The Two McCains
First, from the East Coast and NYPost columnist Ralph Peters (Who, by the way, owns the best line of the day: "The Democratic dog just caught the Iraqi firetruck it's been chasing for almost four years. Now what?"):
For the next two years, the go-to guy in the national-security field is going to be Sen. John McCain. He's now the real "decider," positioned to serve either as the brakeman on the administration's runaway train or as the switchman in the political yard if the Dems get a rational policy on track.
McCain's in a much stronger position than he was a few days ago - the Republican nomination is now his. The midterm elections were a repudiation not only of the administration's non- strategy in Iraq, but of the small-but- vocal Taliban wing of the Republican Party - the anti-science, woman-fearing inquisitors. They hoped to block McCain's nomination. Now, from Pennsylvania to Missouri, they're the walking dead in the political landscape.
And from the West Coast, Hugh Hewitt:
The public ... demands results. Handed a large majority, the GOP frittered it away. The chief fritterer was Senator McCain and his Gang of 14 and Kennedy-McCain immigration bill, supplemented by a last minute throw down that prevented the NSA bill from progressing or the key judicial nominations from receiving a vote. His accomplice in that master stroke was Senator Graham. Together they cost their friend Mike DeWine his seat in the Senate, and all their Republican colleagues their chairmanships. Senator McCain should rethink his presidential run. Amid the ruins of the GOP's majority there is a clear culprit.
Peters sees the election as a howl from the anti-conservative branch of the GOP, the moderates who hang out with Lindsey Graham and Lincoln Chaffee. Hewitt sees it as a reaction by the conservatives about the moderate direction of the party under Bush.
This is a battle that will be fought out not over Iraq, but over immigration.
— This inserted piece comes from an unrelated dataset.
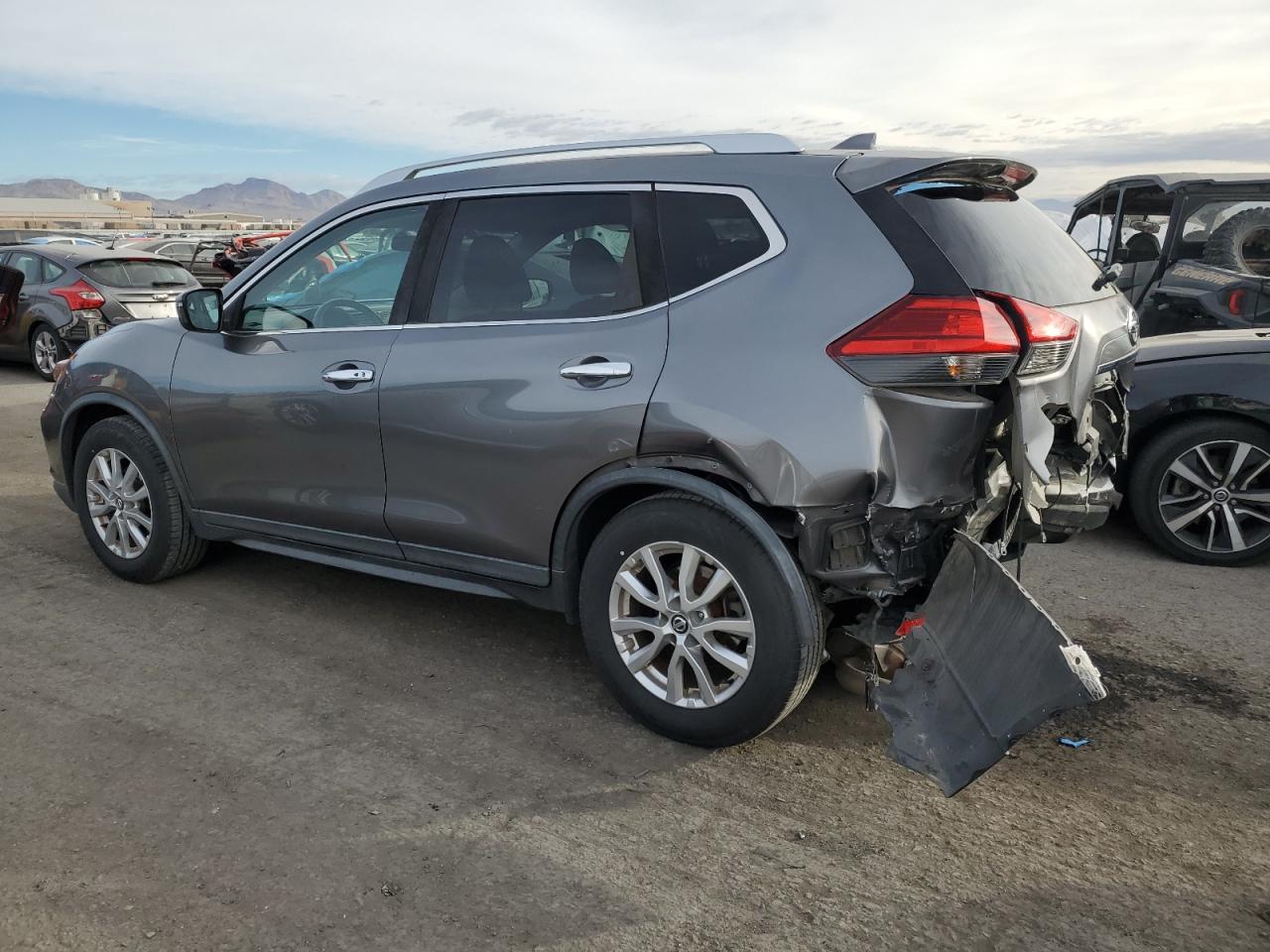 2017 Nissan Rogue S vin: KNMAT2MT2HP587090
McCain and Bush are on the same page -- call it anything but amnesty and guest worker permits -- and they'll be easy allies with Dems who are looking to accomplish something other than deadlock.
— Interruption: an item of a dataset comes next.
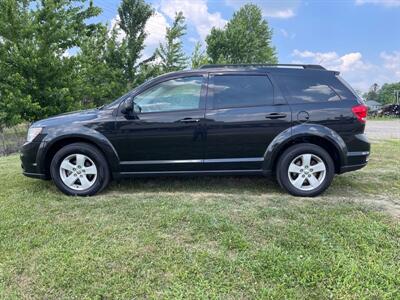 2012 Dodge Journey SXT   - Photo 1 - Rushville, IN 46173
In his role as Chief of Guest Workers, McCain will be able to increase his stature among moderates, at the cost of support from hardline GOP. He'll wrap himself in that moderate support, throw a couple punches in the faces of his critics with his hardline position on the war, not listen to Hugh, and go for the nominate.
And so, the '08 primaries will be the battle for the future of the GOP.